The lone protester, Abu Fri from Southern Cameroons by way of Alabama, tells me that a group of UN officials came and told her to stop the protest, the issue was being handled. I ask her, What were their names? One was named Mohammed, she tells me. Another was a UN Security official.
Just then Nikki Haley's Deputy Ambassador for now, Michele Sison, comes out of the UN and crosses First Avenue on her way to the UN mission. I tell Abu Fri who Sison is, and Abu goes after her. I film from a distance as they talk - Sison to her credit stops and listens - and then ask Abu when she returns what Sison said. She said she knows about Cameroon, was a diplomat in Douala as it turns out. But will the US do anything?
I get a message on my phone: the letter has gone in and here is a copy, the first one anyone in the media has seen. The letter is to Haley and was 24 sign-ones: Daniel Donovan, Peter King, Grace Meng, John Katko, Eliot Engel, Adriano Espaillat, Jose E. Serrano, Gregory Meeks, Carolyn Maloney, Thomas Suazzi, Joseph Crowley, Kathleen Rice, Sean Patrick Maloney, Hakeem, Jeffrey, Elise Stefanic, Yvette Clark, Lee Zeldin, Nita Lowey, Nydia Velazquez, Paul Tonko, Jerrold Nadler, Brian Higgins, Claudia Tenney and Louise Slaughter.
It's 24 out of New York State's 27 Reps, and I'm told the story of the three who didn't sign. It's time to write the story, but my laptop is back in the UN, not in the locked office I used to have but eminently steal-able in the bullpen. I head to the tourists' entrance, asking Abu Fri to tell the others when they come that I'll be back.
At the tourists' entrance there are hundreds of Asian students; the promised separate line for NGOs and non-resident and evicted journalists does not exist. It takes too long to get in and when I do I am singing again, The UN Is Corrupt. I ran for my laptop and stop to write the article in the only work space I have now, the small “focus booth” in front of the UN Spokesperson's Office. Often the booth is taken up, by Spokesperson's Office staff or people I don't recognize. I don't recognize their legitimacy either. But now I'll head out again.
More people have arrived, including a guy who tells me he's from The Bronx and his nom de Ambazonia is Ray Baba. I interview him about the history of British Southern Cameroons, and German Kamerun before that; unfortunately my Periscope feed freezes up and I can't work with the video though it remains online.
I see UN Spokesman Stephane Dujarric, who threw me out of the UN Press Briefing Room then the UN for covering corruption, coming out. I point him out to Abu Fri and she pursues. He backs away from her and into a taxi. But not, she says, before assuring her the situation is being handled. Handled how?

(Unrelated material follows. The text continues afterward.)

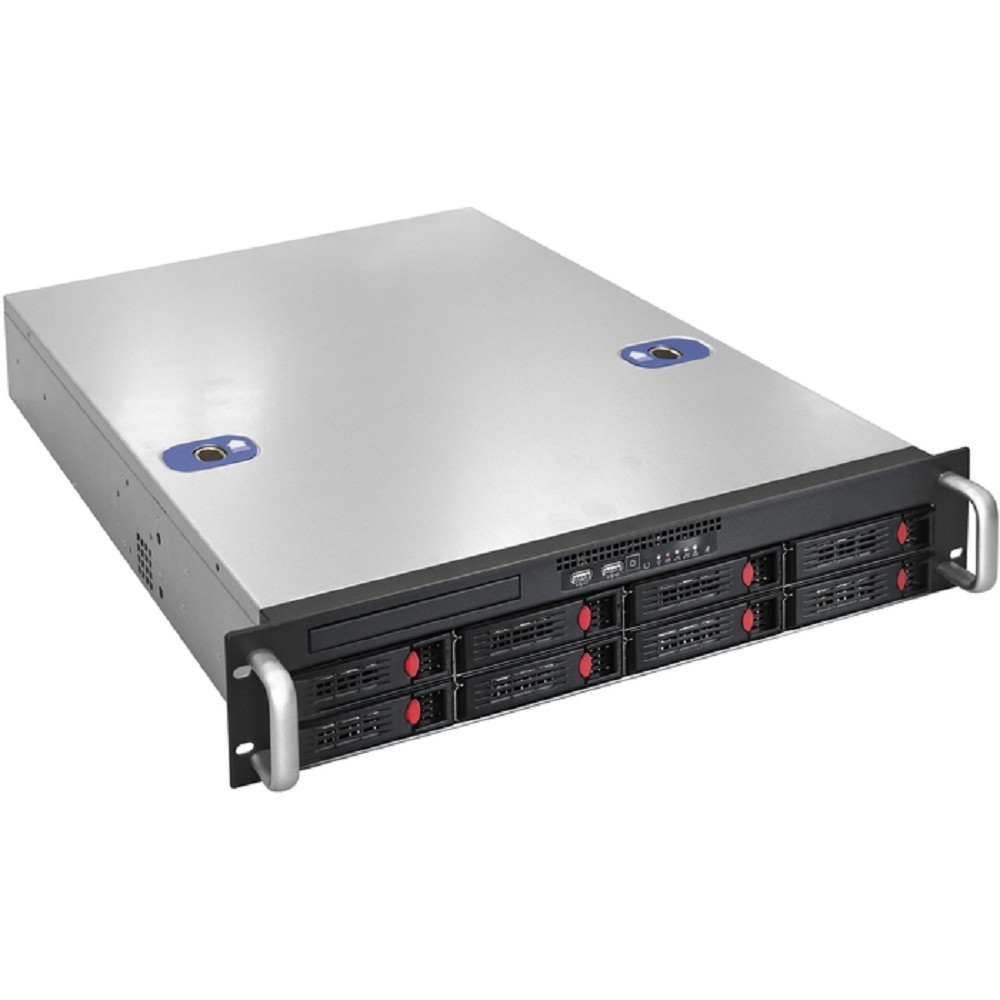 Exegate EX281232RUS Серверный корпус ExeGate Pro 2U550-HS08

We head down to the US Mission and during my interview there, US guards or police tell us we have to leave. Usually I make a scene but I want to get back in before the UN's censorship curfew - my pass stops working after 7 pm - and write another article. So I salute the flag and leave, to live to fight another day.
The next day after another back and forth with Britain, this time about Myanmar, Nikki Haley comes along, and stops for a rare “drive by.” That's what Susan Rice and then Samantha Power called these brief question and answer session at the Security Council stakeout. Haley speaks about Syria, then is asked about Iran. As she turns to go I says, “And on Cameroon?”

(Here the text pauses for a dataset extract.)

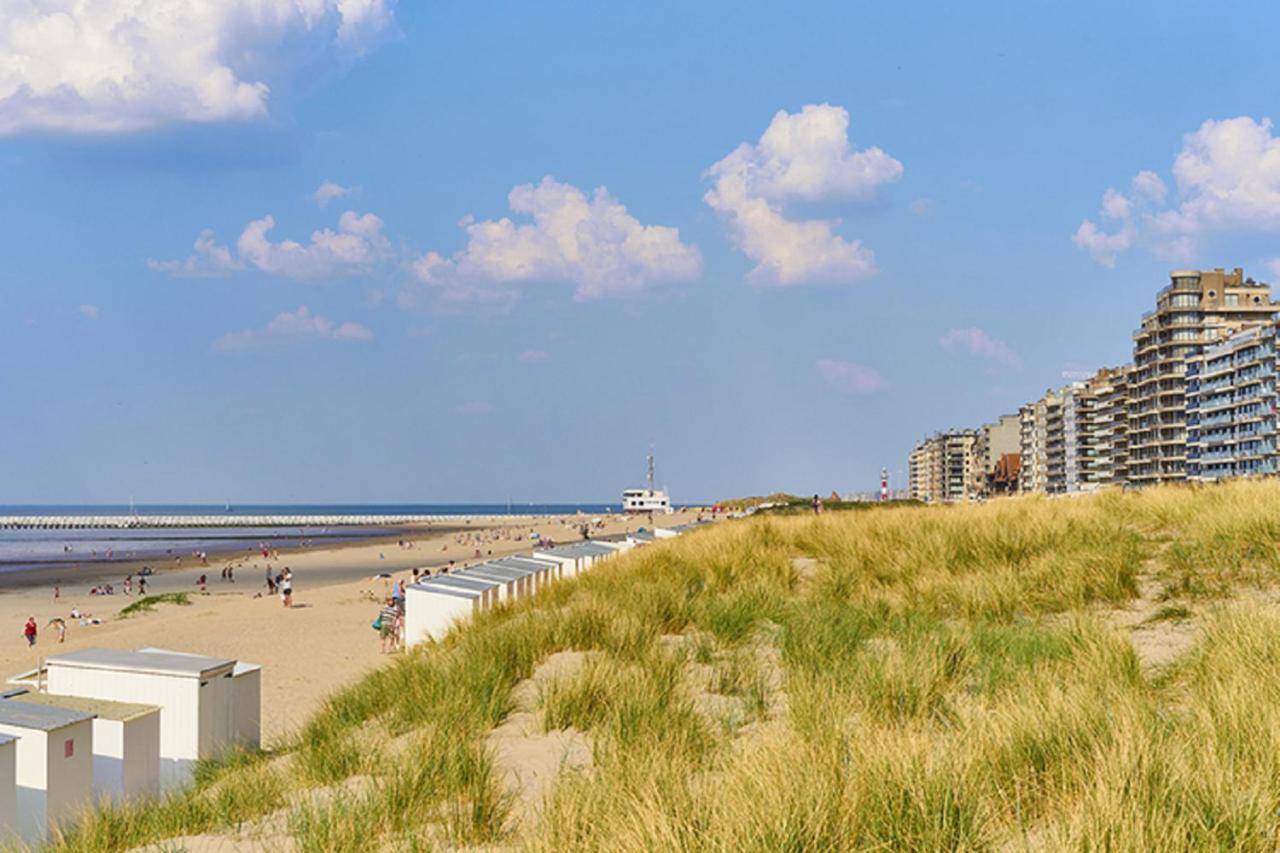Duinenblik 3 Apartment Nieuwpoort Luaran gambar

And Nikki Haley stops to listen. I asked her about the letter, saying hundreds have been killed in Cameroon, what about a meeting. I haven't seen the letter, she says, but I'm open to it.
That's all I need. I upload the video, and prepare to ask UN Secretary General Guterres about it. He's doing a more formal stakeout at 1 pm, and nothing until then really matters, for now.
When Guterres arrives with his entourage, and spokesman “Steph” Dujarric, his topic is the Central African Republic, a trip he will soon take there. But the questions Dujarric calls on are about Iran then North Korea. I glower at him and prepare to yell out my question, as I've done on Kenya and Cameroon once before. But Dujarric calls on me.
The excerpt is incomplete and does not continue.